Climate change education, including lessons on how to protest, could soon be compulsory in schools around the world.
Delegates are expected to discuss the idea at the UN climate summit in Glasgow, United Kingdom in November this year, and if approved, it would be incorporated into the Paris Agreement – the legally binding international climate change agreement Australia adheres to.
The idea is the brain child of US-based environmental group EarthDay, which says compulsory environmental education will ensure young people leave school with the skills and environmental knowledge “needed to be engaged citizens in their communities and places of work”. EarthDay already has support from trade unions, teachers and environmental groups in more than 100 countries.
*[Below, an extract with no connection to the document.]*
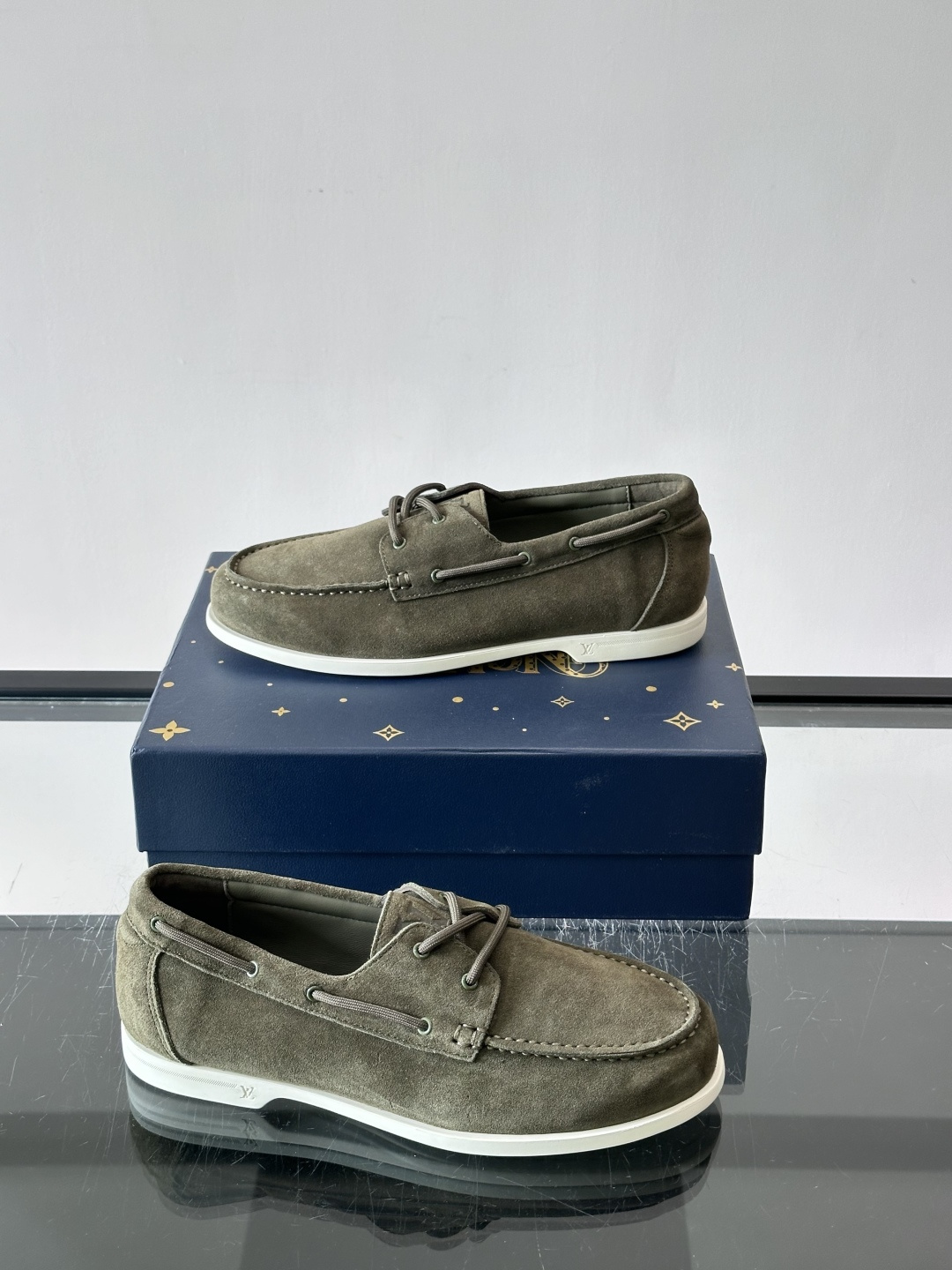 lv男士乐福鞋👞，选用进口麂皮，光泽感满满，搭配系带设计，低调又奢华✨。内里和垫脚都是进口牛皮，穿着超舒适，适合长时间行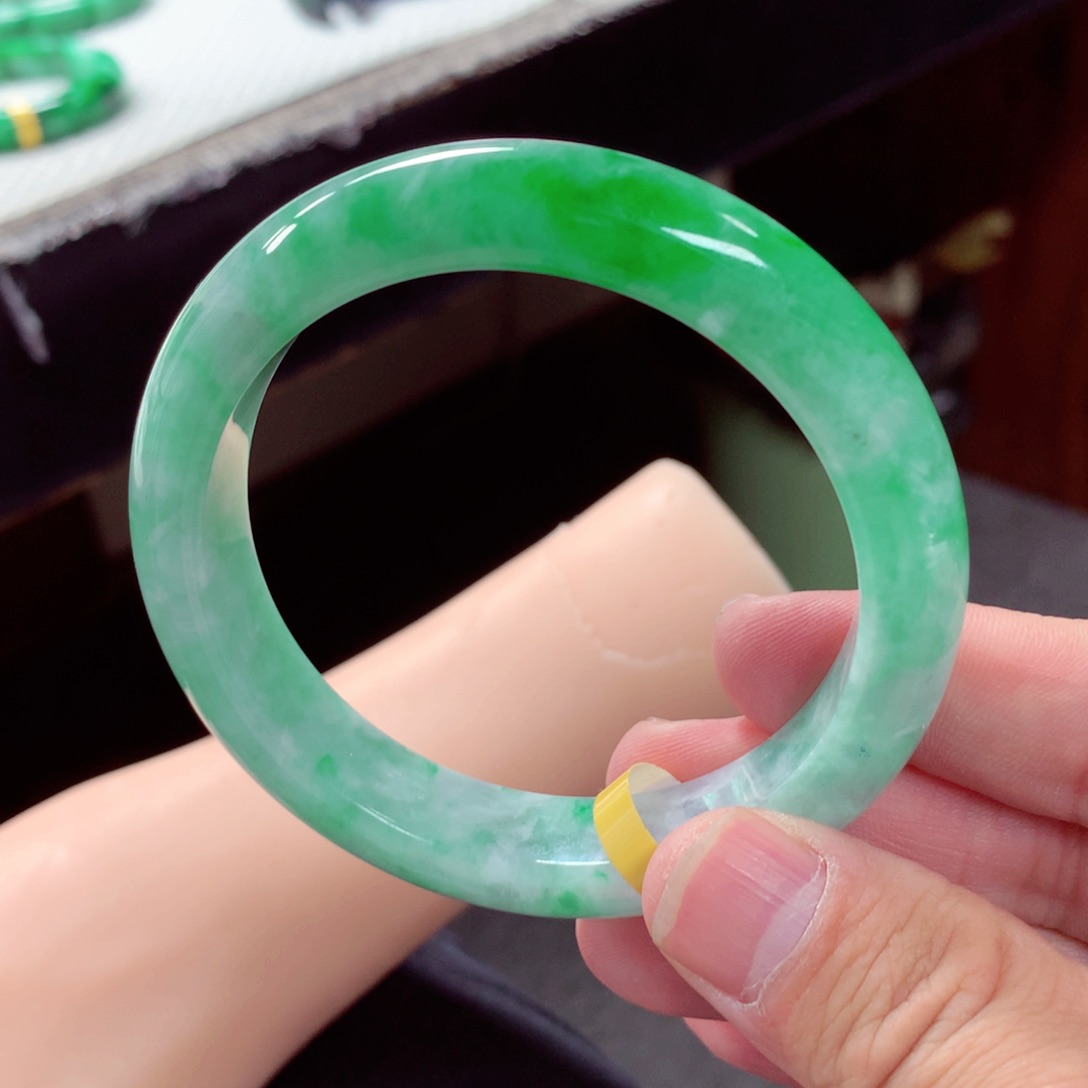 翡翠手镯未镶嵌八****缅甸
“A climate-educated and environmentally literate global public is likely to be better placed to take part in the green jobs revolution, make better sustainable consumer choices, become the next generation of sustainable entrepreneurs, and hold leaders to account,” the organisation said in a statement in December last year.
The proposal comes more than a year after thousands of school-aged children around the world played hooky to march in a climate change protest inspired by Swedish teenager Greta Thunberg.
EarthDay president Kathleen Rogers said the need for climate and environmental literacy has never been greater. “We are at a critical crossroads in terms of the earth’s timeline for restoration,” she said in a statement.
“Climate education will prepare youth across a range of positive fronts — from stimulating a rapidly growing global green economy to holding their officials accountable. Indeed, I am convinced that competitiveness in the 21st century will increasingly be linked to the quality of environmental literacy among a nation’s citizens.”
Haldis Holst, Deputy General Secretary of Educational International, said teachers are reporting that many young pupils are showing signs of fear and of anxiety about their futures and that climate education would equip them with the tools they need to solve the climate change crisis as they enter the workforce.
Australians have since taken to social media to weigh in on the topic, with some saying it’s “a step in the right direction”. Another commented on Facebook: “That’s Awesome. It’s best to be informed!”
However, others weren’t as impressed with the proposed initiative, with one writing: “So, like history, activism lessons will be biased to the left, with the intention of brainwashing the kids! Shameful!”
Another added: “Would debate be allowed? I know there are teachers who send kids out of class for disagreeing in questioning what they are taught.”
While a third wrote: “How about ensuring that the kids have competent literacy and numeracy skills, and a grasp of history. Then maybe there’s time to teach ecoterrorism.”